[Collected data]
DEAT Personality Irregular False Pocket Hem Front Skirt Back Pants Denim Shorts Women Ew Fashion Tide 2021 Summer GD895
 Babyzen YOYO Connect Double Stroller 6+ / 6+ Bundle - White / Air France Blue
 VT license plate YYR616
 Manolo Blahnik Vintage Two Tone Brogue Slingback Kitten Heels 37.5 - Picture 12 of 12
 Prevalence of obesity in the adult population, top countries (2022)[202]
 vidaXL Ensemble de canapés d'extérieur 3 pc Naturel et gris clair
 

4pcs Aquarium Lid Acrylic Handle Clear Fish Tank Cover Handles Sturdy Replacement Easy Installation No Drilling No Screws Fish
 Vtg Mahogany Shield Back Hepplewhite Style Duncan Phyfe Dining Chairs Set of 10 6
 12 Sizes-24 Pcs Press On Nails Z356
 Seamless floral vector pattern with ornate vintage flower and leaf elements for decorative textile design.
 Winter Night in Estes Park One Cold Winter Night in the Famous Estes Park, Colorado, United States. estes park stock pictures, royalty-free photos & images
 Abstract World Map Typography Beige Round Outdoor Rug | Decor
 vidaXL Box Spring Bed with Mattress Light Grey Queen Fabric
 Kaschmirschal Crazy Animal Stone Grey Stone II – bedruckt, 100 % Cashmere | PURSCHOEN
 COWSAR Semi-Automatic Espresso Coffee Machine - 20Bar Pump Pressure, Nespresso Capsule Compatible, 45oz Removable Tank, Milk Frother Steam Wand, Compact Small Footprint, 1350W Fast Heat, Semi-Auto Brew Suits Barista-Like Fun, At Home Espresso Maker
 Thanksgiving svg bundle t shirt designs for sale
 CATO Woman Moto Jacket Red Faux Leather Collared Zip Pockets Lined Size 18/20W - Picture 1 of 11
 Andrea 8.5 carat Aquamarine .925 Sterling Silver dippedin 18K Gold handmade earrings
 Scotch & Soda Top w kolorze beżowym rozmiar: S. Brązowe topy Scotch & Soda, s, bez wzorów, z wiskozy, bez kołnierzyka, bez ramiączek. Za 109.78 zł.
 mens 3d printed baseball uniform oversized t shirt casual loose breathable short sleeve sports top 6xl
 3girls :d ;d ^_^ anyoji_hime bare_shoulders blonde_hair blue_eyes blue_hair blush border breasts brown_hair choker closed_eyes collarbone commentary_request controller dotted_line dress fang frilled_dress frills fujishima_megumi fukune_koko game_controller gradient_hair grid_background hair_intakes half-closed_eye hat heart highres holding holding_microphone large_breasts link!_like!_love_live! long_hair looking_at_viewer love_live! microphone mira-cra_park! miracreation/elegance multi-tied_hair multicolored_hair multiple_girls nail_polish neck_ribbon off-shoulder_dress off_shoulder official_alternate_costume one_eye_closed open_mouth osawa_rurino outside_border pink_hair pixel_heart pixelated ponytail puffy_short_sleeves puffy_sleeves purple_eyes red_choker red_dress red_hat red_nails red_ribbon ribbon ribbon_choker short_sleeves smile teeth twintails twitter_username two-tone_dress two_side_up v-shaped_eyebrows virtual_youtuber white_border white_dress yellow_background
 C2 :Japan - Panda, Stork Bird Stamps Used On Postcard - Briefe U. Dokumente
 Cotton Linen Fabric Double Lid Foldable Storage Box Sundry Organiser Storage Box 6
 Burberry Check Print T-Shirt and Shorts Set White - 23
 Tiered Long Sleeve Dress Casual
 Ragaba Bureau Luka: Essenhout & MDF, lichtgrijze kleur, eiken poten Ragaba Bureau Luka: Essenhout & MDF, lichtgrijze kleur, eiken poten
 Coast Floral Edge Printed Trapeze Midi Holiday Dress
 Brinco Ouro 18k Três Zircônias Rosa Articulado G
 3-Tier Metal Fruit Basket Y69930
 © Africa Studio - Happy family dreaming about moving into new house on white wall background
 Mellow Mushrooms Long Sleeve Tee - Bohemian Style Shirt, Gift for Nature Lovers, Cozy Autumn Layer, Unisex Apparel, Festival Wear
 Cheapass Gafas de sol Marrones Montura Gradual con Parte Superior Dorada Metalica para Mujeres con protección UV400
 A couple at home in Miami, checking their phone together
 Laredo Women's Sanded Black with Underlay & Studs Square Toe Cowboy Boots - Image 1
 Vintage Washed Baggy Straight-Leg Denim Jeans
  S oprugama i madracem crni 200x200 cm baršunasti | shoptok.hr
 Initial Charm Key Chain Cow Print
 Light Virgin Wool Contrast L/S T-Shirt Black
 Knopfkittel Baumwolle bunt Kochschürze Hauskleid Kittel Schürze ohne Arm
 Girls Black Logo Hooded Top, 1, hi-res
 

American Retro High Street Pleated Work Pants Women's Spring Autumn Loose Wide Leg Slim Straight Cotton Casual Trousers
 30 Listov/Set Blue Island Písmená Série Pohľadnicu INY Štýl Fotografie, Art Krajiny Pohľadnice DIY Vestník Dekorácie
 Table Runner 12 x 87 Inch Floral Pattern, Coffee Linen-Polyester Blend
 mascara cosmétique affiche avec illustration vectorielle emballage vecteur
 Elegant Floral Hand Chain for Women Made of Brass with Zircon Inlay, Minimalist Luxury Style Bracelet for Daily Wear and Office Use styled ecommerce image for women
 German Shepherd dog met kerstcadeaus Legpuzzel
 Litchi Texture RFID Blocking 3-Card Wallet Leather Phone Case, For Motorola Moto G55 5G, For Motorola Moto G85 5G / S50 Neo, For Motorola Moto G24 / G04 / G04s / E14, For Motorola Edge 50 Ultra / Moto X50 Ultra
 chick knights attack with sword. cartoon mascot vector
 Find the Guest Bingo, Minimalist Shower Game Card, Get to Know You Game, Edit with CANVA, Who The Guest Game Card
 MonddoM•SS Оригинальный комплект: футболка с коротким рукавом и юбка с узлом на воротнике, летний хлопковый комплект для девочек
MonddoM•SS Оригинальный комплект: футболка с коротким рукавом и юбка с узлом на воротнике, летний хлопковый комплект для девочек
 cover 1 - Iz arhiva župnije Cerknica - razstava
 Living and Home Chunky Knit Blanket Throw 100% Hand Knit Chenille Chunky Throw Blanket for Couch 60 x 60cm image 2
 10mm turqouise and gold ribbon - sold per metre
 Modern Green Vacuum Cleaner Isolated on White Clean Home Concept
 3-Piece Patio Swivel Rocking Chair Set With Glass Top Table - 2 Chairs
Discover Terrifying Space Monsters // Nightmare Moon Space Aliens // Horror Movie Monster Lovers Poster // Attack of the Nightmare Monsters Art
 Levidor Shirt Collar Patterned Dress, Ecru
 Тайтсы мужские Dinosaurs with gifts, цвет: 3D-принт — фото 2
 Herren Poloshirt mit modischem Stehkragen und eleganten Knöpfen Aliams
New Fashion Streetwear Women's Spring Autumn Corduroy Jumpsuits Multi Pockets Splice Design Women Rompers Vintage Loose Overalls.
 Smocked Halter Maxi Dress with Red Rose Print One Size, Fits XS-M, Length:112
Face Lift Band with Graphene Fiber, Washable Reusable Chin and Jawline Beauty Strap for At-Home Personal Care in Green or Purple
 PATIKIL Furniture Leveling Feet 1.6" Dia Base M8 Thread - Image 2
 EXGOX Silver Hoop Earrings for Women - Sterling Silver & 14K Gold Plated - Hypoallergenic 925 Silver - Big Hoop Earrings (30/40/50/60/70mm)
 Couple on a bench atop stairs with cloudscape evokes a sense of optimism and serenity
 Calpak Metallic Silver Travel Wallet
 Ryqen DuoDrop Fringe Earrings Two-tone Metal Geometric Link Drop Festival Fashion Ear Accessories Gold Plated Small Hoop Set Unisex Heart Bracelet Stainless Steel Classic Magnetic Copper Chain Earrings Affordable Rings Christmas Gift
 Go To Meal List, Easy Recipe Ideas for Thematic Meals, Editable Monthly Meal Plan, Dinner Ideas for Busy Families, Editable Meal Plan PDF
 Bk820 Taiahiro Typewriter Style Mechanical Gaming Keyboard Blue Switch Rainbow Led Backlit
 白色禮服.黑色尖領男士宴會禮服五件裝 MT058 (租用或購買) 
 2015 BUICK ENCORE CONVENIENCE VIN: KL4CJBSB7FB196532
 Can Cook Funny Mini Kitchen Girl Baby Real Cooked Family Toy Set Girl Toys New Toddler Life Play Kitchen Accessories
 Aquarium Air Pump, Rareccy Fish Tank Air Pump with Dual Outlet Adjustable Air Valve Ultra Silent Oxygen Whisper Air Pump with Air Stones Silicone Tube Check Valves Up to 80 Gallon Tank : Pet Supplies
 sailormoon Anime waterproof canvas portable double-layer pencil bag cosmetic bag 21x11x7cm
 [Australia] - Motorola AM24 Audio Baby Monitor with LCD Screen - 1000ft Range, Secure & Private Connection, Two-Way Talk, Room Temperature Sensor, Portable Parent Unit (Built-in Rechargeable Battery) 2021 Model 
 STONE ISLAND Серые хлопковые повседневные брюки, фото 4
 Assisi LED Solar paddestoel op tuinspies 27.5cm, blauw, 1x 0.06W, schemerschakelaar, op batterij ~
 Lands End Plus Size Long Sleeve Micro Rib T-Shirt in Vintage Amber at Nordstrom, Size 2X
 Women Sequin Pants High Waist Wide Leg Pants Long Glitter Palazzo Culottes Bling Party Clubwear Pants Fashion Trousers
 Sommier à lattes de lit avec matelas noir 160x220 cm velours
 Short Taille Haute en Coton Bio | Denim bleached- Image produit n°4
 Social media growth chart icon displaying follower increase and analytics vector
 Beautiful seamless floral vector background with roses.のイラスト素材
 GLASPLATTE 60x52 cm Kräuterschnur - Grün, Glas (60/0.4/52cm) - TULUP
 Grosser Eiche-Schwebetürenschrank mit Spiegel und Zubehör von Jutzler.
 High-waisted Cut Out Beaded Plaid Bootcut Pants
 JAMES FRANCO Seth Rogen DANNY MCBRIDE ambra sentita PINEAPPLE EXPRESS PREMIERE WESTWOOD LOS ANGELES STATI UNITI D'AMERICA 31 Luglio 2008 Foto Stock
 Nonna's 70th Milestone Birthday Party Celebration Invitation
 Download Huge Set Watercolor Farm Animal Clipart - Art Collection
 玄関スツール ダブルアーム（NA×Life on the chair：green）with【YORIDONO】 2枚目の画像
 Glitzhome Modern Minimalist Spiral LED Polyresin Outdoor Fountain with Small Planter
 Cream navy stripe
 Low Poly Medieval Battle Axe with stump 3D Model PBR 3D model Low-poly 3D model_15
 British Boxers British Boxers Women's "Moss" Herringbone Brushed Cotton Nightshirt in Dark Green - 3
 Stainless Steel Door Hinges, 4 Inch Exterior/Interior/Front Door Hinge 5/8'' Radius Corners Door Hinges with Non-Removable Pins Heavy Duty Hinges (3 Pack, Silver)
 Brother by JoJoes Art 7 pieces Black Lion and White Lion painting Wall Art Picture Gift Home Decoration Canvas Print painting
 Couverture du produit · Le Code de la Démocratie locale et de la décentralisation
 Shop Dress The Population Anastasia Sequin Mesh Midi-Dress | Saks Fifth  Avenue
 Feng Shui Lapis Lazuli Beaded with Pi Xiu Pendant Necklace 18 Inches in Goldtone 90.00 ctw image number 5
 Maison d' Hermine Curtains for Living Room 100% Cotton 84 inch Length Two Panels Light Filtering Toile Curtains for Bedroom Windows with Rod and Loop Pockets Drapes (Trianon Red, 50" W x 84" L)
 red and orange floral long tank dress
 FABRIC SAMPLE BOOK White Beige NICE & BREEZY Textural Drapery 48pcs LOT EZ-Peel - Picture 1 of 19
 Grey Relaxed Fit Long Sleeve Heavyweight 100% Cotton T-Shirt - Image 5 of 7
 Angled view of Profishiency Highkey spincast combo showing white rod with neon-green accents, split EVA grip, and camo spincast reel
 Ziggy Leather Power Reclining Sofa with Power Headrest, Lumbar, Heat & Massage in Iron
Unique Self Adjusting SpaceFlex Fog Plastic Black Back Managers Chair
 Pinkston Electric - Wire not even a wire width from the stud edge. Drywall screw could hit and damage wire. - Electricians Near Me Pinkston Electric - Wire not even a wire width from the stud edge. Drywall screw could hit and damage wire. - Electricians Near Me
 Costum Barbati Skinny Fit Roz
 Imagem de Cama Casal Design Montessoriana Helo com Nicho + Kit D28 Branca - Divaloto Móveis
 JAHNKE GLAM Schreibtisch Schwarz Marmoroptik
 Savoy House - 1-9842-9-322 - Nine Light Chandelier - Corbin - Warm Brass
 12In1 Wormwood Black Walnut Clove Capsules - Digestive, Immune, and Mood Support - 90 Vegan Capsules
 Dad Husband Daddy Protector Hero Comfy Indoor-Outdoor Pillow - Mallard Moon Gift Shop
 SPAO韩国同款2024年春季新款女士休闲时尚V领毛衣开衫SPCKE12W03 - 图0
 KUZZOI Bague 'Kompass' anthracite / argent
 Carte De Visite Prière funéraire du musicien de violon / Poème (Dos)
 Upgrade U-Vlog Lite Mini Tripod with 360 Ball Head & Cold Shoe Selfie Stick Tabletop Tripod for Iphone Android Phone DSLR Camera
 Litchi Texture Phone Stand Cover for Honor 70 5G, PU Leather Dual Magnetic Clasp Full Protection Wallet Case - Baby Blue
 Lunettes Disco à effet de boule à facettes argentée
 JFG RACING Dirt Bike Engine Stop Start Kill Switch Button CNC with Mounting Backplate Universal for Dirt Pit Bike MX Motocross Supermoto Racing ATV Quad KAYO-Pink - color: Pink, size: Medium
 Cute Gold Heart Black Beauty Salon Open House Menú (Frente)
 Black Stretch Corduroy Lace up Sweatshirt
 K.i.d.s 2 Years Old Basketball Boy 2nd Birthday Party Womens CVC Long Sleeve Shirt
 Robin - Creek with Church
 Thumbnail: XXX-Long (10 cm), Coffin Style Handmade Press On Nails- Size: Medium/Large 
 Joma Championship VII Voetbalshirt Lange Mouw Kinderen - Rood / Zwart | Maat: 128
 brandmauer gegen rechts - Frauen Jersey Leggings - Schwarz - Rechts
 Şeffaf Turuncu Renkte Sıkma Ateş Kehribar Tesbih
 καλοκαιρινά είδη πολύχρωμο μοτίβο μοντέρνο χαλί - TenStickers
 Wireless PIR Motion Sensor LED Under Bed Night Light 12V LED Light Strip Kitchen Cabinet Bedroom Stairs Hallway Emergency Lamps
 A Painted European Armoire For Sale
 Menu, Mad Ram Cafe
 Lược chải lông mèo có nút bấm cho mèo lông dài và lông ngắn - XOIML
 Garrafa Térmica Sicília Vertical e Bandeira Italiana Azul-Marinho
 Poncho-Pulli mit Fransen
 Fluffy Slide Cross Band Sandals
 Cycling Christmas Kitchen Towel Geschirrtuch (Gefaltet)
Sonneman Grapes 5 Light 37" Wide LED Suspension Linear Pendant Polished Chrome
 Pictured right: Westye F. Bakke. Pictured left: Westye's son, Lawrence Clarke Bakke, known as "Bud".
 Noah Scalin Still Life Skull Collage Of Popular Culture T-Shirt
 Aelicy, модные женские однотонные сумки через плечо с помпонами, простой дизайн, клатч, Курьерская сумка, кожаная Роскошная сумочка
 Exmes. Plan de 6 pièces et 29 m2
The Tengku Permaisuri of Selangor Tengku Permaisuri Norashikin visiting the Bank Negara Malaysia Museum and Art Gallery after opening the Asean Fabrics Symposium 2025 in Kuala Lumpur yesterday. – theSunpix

TRY IT:
Word for word, repeat the data from its first line through the line with "Scotch & Soda Top", including both of those lines and no others.

EXPECTED OUTPUT:
DEAT Personality Irregular False Pocket Hem Front Skirt Back Pants Denim Shorts Women Ew Fashion Tide 2021 Summer GD895
 Babyzen YOYO Connect Double Stroller 6+ / 6+ Bundle - White / Air France Blue
 VT license plate YYR616
 Manolo Blahnik Vintage Two Tone Brogue Slingback Kitten Heels 37.5 - Picture 12 of 12
 Prevalence of obesity in the adult population, top countries (2022)[202]
 vidaXL Ensemble de canapés d'extérieur 3 pc Naturel et gris clair
 

4pcs Aquarium Lid Acrylic Handle Clear Fish Tank Cover Handles Sturdy Replacement Easy Installation No Drilling No Screws Fish
 Vtg Mahogany Shield Back Hepplewhite Style Duncan Phyfe Dining Chairs Set of 10 6
 12 Sizes-24 Pcs Press On Nails Z356
 Seamless floral vector pattern with ornate vintage flower and leaf elements for decorative textile design.
 Winter Night in Estes Park One Cold Winter Night in the Famous Estes Park, Colorado, United States. estes park stock pictures, royalty-free photos & images
 Abstract World Map Typography Beige Round Outdoor Rug | Decor
 vidaXL Box Spring Bed with Mattress Light Grey Queen Fabric
 Kaschmirschal Crazy Animal Stone Grey Stone II – bedruckt, 100 % Cashmere | PURSCHOEN
 COWSAR Semi-Automatic Espresso Coffee Machine - 20Bar Pump Pressure, Nespresso Capsule Compatible, 45oz Removable Tank, Milk Frother Steam Wand, Compact Small Footprint, 1350W Fast Heat, Semi-Auto Brew Suits Barista-Like Fun, At Home Espresso Maker
 Thanksgiving svg bundle t shirt designs for sale
 CATO Woman Moto Jacket Red Faux Leather Collared Zip Pockets Lined Size 18/20W - Picture 1 of 11
 Andrea 8.5 carat Aquamarine .925 Sterling Silver dippedin 18K Gold handmade earrings
 Scotch & Soda Top w kolorze beżowym rozmiar: S. Brązowe topy Scotch & Soda, s, bez wzorów, z wiskozy, bez kołnierzyka, bez ramiączek. Za 109.78 zł.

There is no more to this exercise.